2013-06-25

Tracking down the wintering area of great reed warblers


Staffan and Arzu attaching a geolocator to a great reed warbler


Thousands of water buffaloes roam the Kızılırmak Deltası
 
 
There are now 14 male great reed warblers with geolocators in the Kızılırmak Deltası, situated along the Black Sea coast in northern Turkey. The loggers were attached last week, 12-18 June 2013, in collaboration with Dr. Arzu Gürsoy and colleagues at the Ondokuz Mayıs Üniversitesi, Samsun, Turkey. The purpose of the study, coordinated by the CAnMove researchers Staffan Bensch, Bengt Hansson, Dennis Hasselquist and Maja Tarka, is to obtain data on migration routes and African wintering quarters for various populations of great reed warblers in Europe and Western Asia, to compare with the detailed knowledge we have obtained from our long term study of the species in lake Kvismaren, Sweden. The particular site at the Kızılırmak Deltası we had selected last year, a 10 meter wide canal bordered with narrow reads, had unfortunately been dredge during last winter which completely had destroyed the habitat and consequently there were no great reed warblers there. After searching several nice looking places without any success, we decided to go to one of the lakes in the delta, Cernek gölü, where a Dutch team had carried out a detailed survey of all marshland birds about 20 years ago and reported 300 territories of great reed warblers. In the NW corner of the lake, supposed to contain >50 pairs we could just find one male singing. We started wondering if we were too late in the season. Because many other bird species were actively singing (e.g. savi's warblers, reed warblers, bitterns, cuckoos, etc) it would have been remarkable if great reed warblers with its extended breeding period already had stopped singing for the season which gave us trust to continue searching. It was not until the third day we found a population of birds along the main Kızılırmak River. The great reed warblers were spread out over several km but easy to find in small pockets of reads and in most places easy to catch. Several of the males had nest building females and the nests we found contained eggs – hence it seems that the breeding cycle was not substantially more advanced than in Sweden.

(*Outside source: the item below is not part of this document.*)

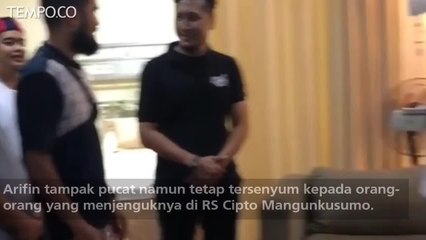 Dikabarkan Sang Ayah Meninggal, Ini Jawaban Anak Ustad Arifin Ilham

Great reed warbler breeding habitat along the Kızılırmak River

Clearly something has happened to the great reed warblers in the delta since the Dutch census. The Kızılırmak Deltası (560 km2) is just amazing for all other kinds of wetland birds, holding e.g. 1000 pairs of white storks, 1000 purple herons, 3000 purple gallinules,
300 marsh harriers, etc. It is therefore enigmatic why the great reed warblers seem to have almost disappeared from this thriving wetland. Knowledge of the migration routes and wintering area of this population might help to answer this question. İnşallah, we keep fingers crossed that some of the birds will return to the Kızılırmak River next spring, with nice data on their wintering travelling stored in the loggers.